While it may not be possible to scale agile, it’s certainly possible to run multiple agile teams in parallel.
Each team must have its own autonomy (i.e. be self-organized). Each team should talk to customers, etc. Each team should reflect on how it can improve, etc. Everything that the agile manifesto talks about.
How is this different than scaling agile?
That’s a great question. And to some extent, it does boil down to semantics. But I think the semantics are important here, because they are so frequently (usually) lost entirely.
In my mind, “agility” boils down to two closely related things:
- The ability to change quickly.
- The ability to make decisions locally (which is really just the key enabler for #1).

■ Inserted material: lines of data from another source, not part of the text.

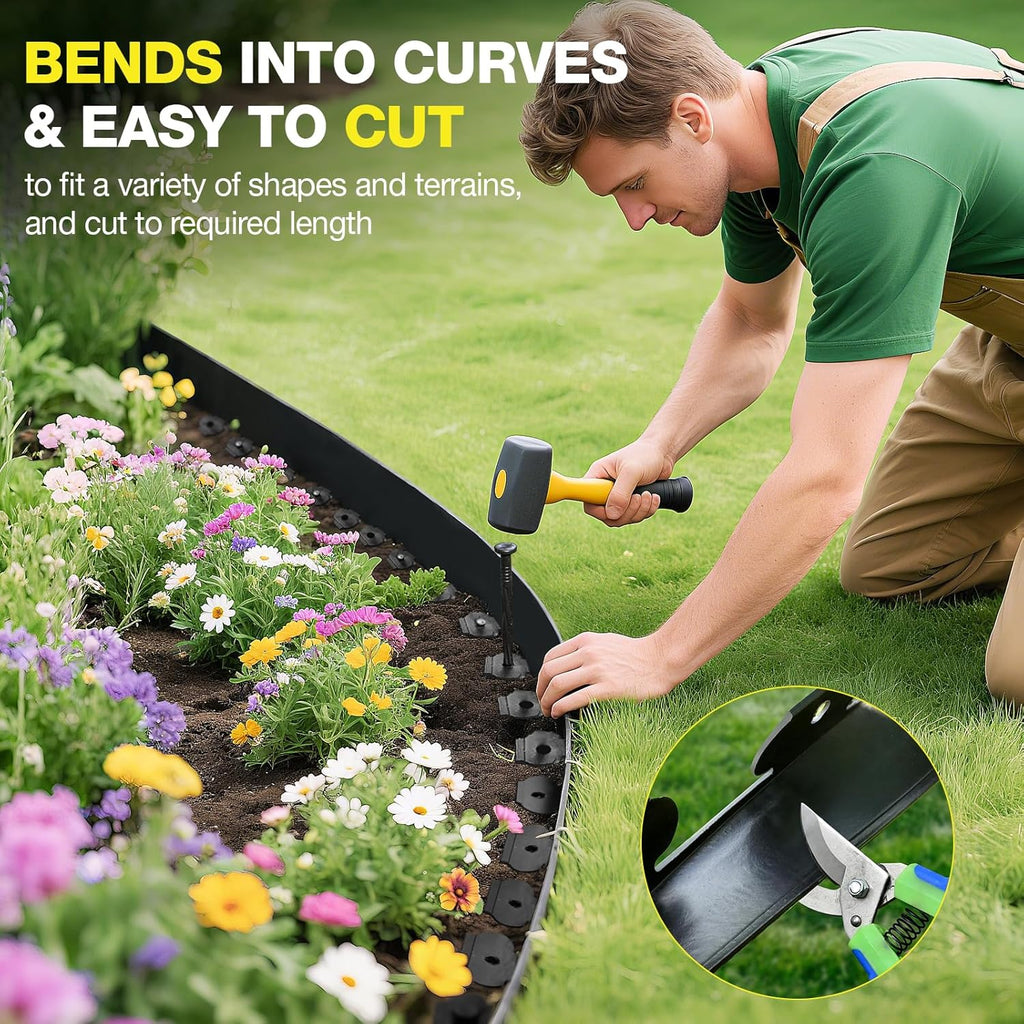 100ft,1.5in Tall Landscape Edging Kit with 150 Spikes, No-Dig Flexible Plastic Edge Border for Landscaping, Lawn, Garden, Flower Beds, Yard, Paver, Playground, Fence, Pathway, Black,3pack, 33ft Each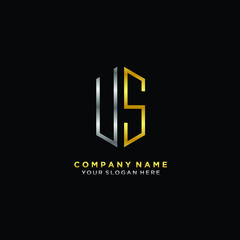 Obraz premium letter US Minimalist style of gold and silver. luxury minimalist logo for business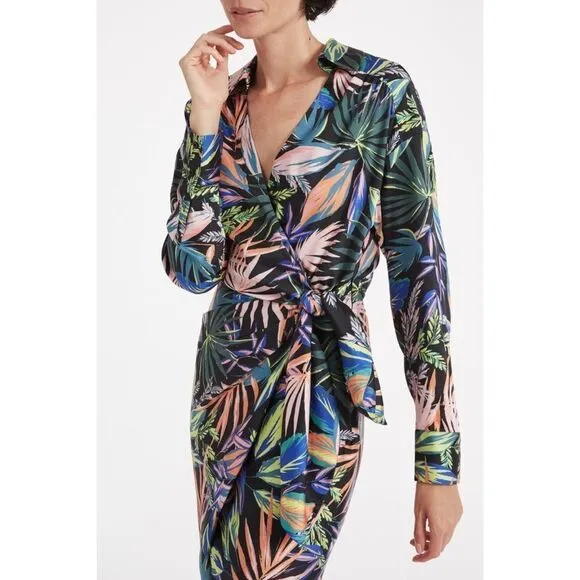 Milly Jordan Tropical Palm Print Wrap Dress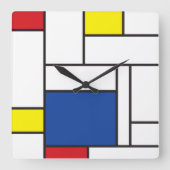 Mondriaan minimalist Geometric de Stijl Modern Art Vierkante Klok (Voorkant)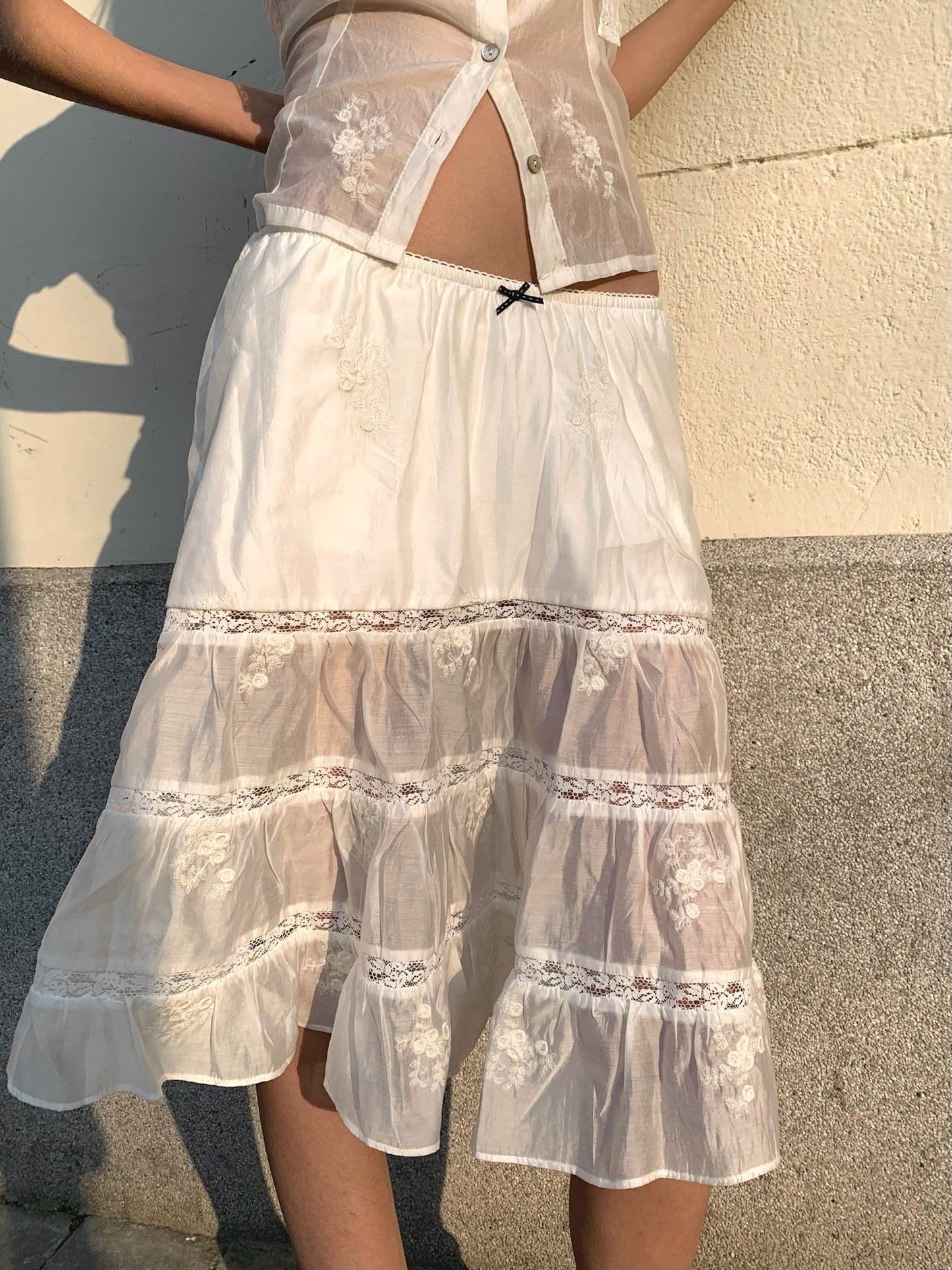White lace cute Tencel cotton A-line skirt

Frameworks which seek to organize agile teams tend to (in my experience) inhibit both of these, and thus are failing to “scale” agile. That’s not to say all frameworks are bad, but by design, they seek to limit freedom (ideally, in a good way). The danger thus comes when a framework begins to limit, rather than enable, agility. It’s like the story of the Goose that Laid the Golden Eggs: the very attempt to replicate the object of desire destroys that which we desire.
Obviously, there are large companies that are successfully achieving agility on many teams (or at least they purport to do so). What makes these companies successful?
I believe it’s the fact that each team, individually, is being agile. It’s agile in parallel, not agile at scale.
The book Team of Teams: New Rules of Engagement for a Complex World is a good case study of this sort of “agile in parallel” concept in practice, in the context of a number of large organizations, from the US Military to NASA.